U.S. envoy visits Pakistani refugees, promises aid

MARDAN, Pakistan — A top U.S. envoy today expressed sympathy to refugees displaced by Pakistan’s military offensive against the Taliban and promised them more aid from Washington.

Richard Holbrooke, President Barack Obama’s special envoy to Pakistan and Afghanistan, visited two camps housing some of around 3 million people who have fled the month-old campaign to oust the Taliban from the Swat Valley and surrounding regions.

Washington strongly supports the offensive, which is seen as a test of Pakistan’s resolve to take on militants who have built strongholds in the country’s northwest border region with Afghanistan.

But, sensitive to suspicion among some Pakistanis that the government is too close to Washington, officials stress that the United States has no role to play in the campaign other to offer humanitarian aid.

“It’s up to the Pakistan army to give you security — that is not our job,” Holbrooke said. “We are giving assistance.”

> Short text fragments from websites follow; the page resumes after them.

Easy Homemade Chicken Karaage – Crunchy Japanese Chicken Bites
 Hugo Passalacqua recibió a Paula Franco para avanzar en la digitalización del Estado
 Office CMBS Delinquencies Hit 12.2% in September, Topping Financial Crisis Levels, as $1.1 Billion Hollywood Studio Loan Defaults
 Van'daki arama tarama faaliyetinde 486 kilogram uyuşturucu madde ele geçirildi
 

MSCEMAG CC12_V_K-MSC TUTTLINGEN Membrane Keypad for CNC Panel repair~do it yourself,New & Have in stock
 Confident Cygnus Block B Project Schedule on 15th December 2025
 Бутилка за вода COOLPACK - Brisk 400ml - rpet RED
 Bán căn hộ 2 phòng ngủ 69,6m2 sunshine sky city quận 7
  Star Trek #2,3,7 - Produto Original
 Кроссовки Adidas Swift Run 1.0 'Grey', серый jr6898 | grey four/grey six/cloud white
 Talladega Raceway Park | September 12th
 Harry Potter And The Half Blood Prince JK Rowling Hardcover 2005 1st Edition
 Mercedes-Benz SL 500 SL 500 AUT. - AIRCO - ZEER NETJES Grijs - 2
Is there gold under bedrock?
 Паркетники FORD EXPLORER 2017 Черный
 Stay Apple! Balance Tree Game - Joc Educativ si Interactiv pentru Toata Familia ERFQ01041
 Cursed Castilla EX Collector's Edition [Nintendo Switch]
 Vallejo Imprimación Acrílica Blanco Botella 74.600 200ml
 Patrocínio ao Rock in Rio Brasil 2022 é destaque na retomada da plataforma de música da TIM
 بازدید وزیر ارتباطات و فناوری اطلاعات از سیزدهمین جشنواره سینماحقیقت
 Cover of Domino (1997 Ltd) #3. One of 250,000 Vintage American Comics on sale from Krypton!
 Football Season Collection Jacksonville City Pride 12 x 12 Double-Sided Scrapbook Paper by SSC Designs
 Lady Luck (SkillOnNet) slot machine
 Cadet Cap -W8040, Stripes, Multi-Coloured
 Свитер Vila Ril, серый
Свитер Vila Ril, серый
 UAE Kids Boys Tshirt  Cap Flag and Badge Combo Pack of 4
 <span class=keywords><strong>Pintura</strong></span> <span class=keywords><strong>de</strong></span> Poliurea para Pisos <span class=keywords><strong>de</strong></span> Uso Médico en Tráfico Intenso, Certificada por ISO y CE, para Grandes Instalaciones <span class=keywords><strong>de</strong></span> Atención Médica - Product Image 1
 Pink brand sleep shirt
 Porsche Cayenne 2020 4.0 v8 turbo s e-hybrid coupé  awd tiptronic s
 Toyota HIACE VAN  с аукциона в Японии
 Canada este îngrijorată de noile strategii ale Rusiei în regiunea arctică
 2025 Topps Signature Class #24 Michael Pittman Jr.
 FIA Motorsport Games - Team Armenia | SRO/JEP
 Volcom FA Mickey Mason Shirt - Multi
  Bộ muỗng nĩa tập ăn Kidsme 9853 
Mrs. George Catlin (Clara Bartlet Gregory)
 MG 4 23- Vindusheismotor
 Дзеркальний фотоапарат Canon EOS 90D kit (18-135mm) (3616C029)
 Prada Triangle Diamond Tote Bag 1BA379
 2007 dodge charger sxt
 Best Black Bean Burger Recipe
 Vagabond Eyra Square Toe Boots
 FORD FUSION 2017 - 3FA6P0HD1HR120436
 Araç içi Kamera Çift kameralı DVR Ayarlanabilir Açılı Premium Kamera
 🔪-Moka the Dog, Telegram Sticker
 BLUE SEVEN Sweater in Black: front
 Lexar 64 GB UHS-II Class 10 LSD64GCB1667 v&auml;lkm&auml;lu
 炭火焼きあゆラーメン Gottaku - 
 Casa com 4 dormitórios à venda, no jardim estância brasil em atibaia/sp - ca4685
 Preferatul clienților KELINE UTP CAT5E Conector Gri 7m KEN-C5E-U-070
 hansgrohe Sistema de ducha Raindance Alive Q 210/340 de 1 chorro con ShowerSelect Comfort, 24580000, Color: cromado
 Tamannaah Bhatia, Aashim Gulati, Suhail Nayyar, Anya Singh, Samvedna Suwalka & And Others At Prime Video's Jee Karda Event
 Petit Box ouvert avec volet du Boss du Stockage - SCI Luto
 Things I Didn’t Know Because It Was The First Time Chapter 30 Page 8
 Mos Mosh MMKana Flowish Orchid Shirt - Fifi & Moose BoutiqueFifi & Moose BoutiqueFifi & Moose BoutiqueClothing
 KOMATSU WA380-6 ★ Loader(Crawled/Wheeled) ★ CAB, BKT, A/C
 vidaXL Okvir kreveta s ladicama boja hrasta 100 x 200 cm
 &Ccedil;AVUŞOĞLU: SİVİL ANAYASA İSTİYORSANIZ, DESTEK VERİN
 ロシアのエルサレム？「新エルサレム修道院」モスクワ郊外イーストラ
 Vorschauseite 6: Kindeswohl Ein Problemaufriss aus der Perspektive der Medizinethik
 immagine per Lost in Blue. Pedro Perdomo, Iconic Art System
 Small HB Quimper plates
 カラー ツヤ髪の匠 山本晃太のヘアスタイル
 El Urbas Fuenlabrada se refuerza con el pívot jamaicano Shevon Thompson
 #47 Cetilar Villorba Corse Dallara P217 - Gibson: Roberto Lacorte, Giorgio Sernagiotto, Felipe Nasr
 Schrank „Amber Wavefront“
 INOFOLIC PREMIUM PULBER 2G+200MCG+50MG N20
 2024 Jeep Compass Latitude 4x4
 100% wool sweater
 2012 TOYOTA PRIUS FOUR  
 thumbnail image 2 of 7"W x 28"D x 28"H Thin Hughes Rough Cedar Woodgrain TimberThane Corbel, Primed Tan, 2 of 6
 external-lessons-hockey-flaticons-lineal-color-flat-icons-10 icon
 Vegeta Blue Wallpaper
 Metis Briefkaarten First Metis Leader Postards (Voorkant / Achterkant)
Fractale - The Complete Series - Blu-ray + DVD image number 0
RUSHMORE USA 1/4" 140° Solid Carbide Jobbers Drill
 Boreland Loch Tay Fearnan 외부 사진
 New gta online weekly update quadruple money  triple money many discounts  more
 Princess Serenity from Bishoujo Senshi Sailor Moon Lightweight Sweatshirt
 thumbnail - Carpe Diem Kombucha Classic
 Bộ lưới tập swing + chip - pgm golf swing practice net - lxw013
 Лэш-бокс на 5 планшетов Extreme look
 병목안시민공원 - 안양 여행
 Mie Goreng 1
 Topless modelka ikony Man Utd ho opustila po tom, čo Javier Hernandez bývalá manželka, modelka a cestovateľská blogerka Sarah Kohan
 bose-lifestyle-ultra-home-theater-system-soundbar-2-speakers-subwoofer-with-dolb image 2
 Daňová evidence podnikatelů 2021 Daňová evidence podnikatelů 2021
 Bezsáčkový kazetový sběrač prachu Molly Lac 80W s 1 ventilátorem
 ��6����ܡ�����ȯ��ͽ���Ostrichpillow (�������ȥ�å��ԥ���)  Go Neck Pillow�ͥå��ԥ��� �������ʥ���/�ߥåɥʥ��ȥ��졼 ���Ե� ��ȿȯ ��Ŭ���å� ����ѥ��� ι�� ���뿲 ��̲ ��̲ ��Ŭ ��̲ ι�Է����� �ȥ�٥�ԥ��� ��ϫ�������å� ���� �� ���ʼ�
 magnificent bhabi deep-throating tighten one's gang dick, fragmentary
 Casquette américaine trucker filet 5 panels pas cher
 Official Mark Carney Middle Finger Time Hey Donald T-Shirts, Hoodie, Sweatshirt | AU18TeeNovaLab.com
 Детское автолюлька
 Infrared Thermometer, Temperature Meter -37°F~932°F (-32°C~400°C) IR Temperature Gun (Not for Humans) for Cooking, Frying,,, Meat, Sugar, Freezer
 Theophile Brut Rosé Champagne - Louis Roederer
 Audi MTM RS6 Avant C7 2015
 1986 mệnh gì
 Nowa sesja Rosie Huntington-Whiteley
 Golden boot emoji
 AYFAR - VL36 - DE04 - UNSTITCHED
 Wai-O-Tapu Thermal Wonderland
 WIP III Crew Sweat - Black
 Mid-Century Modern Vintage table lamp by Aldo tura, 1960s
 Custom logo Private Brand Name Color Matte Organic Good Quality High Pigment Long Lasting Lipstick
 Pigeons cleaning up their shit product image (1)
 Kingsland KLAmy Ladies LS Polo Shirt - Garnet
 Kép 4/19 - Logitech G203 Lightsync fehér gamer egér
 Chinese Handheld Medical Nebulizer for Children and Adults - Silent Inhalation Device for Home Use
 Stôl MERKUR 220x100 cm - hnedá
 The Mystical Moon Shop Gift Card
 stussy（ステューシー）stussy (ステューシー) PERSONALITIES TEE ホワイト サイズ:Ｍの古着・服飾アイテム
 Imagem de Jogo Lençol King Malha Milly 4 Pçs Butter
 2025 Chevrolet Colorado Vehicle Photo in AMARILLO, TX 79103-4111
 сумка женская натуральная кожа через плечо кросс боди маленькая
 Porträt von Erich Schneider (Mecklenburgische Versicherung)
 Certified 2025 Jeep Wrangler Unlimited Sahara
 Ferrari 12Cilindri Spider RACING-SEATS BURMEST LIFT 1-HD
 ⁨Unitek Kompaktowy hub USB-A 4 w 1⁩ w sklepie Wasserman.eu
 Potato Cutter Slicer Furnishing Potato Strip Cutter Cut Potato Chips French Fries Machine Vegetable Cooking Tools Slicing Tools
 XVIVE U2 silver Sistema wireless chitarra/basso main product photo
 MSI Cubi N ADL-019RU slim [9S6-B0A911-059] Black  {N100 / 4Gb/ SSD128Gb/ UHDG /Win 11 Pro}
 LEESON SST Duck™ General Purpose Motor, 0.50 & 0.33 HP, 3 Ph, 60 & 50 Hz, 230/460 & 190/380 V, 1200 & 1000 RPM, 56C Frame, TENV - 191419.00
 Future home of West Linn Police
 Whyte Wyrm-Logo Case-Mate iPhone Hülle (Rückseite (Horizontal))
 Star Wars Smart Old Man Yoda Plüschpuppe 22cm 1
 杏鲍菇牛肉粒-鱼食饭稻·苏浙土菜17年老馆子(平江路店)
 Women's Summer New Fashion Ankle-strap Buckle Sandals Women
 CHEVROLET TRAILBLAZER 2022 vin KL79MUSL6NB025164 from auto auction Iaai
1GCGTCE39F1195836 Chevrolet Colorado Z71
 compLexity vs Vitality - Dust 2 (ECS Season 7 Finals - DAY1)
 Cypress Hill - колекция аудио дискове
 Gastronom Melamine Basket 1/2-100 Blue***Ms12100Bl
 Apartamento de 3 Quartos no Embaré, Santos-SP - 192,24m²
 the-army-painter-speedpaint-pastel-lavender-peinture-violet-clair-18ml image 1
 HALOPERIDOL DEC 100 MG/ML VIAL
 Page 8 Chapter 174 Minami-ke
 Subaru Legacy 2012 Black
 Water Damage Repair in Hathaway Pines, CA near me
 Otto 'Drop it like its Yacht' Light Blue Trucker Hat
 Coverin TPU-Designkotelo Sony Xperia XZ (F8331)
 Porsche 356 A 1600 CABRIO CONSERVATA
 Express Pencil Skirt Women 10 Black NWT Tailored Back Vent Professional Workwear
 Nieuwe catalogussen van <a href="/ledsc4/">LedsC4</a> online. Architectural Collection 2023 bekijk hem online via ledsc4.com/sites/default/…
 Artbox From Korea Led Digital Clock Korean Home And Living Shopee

Holbrooke on Wednesday announced another $200 million in aid for the refugees, pending Congressional approval, bringing U.S. aid directed at the refugees to $310 million. This amount was more than the rest of the world combined had pledged to help, Holbrooke said.

Holbrooke’s helicopter arrival blew up clouds of dust in the already dry, hot camps. The group was accompanied by a heavy contingent of U.S. and Pakistani security.

Most refugees are staying with friends and relatives, and some 160,000 are living in dusty, sweltering camps.

“We hope you can go back very quickly, but we don’t know,” Holbrooke told refugees.

The camps Holbrooke visited were run by the Red Cross and the United Nations. He asked refugees for their individual stories and about the Taliban. One said he needed an electric fan for the sweltering heat, another complained about the food.

“Our crops are destroyed, and we are getting nothing here,” Abdul Sajid, a farmer from the Buner district just south of Swat, told Holbrooke. “It is coming, the food, but it is not good. I am not satisfied with the conditions at the camp. Now we need your help.”

In Islamabad, the capital, on Wednesday, Holbrooke rejected the idea the U.S. played a part in creating the refugee crisis. He was responding to new audio tape by Osama bin Laden in which the al-Qaida leader said Washington had pressured Pakistan to launch the Swat offensive.

“The idea that anyone is responsible for the refugee crisis other than al-Qaida and the Taliban and the other people that have caused such tragedy in Pakistan is ludicrous,” Holbrooke said.

The Swat offensive has been coupled with increasing militant activity in the semiautonomous tribal region bordering Afghanistan as well as what appear to be revenge attacks in other parts of the country.

Earlier this week, dozens of students and staff driving away from a boys school in the North Waziristan tribal region were kidnapped by suspected militants.

Officials said initially they had rescued all of them within hours, though it later emerged that more than 40 were still being held captive.

Deputy Interior Minister Tasnim Qureshi told state-run Pakistan Television that 46 students and two teachers were rescued today, and all captives were now safe.

Lawmaker Saleh Shah told The Associated Press that tribal elders had negotiated their release with local militants. It was not known if any ransom or other demands were made.

In a new report, the International Crisis Group said the Pakistani government needs to devise a blueprint for reconstruction in Swat and make a priority of training a strong local police force.

The Brussels-based think tank also said the international community should encourage Pakistan to stop fighting long enough so aid can reach civilians still trapped in the battle zone.

The group also urged Pakistan to scrap a regulation that imposes an Islamic justice system in Swat that the government agreed to earlier this year as part of a peace deal with the Taliban. The deal later collapsed.

Karim Khattak, a top government official for the region, told reporters visiting Swat on Wednesday the rule would not be tossed aside because residents wanted it because they are fed up with the inefficient regular judicial system.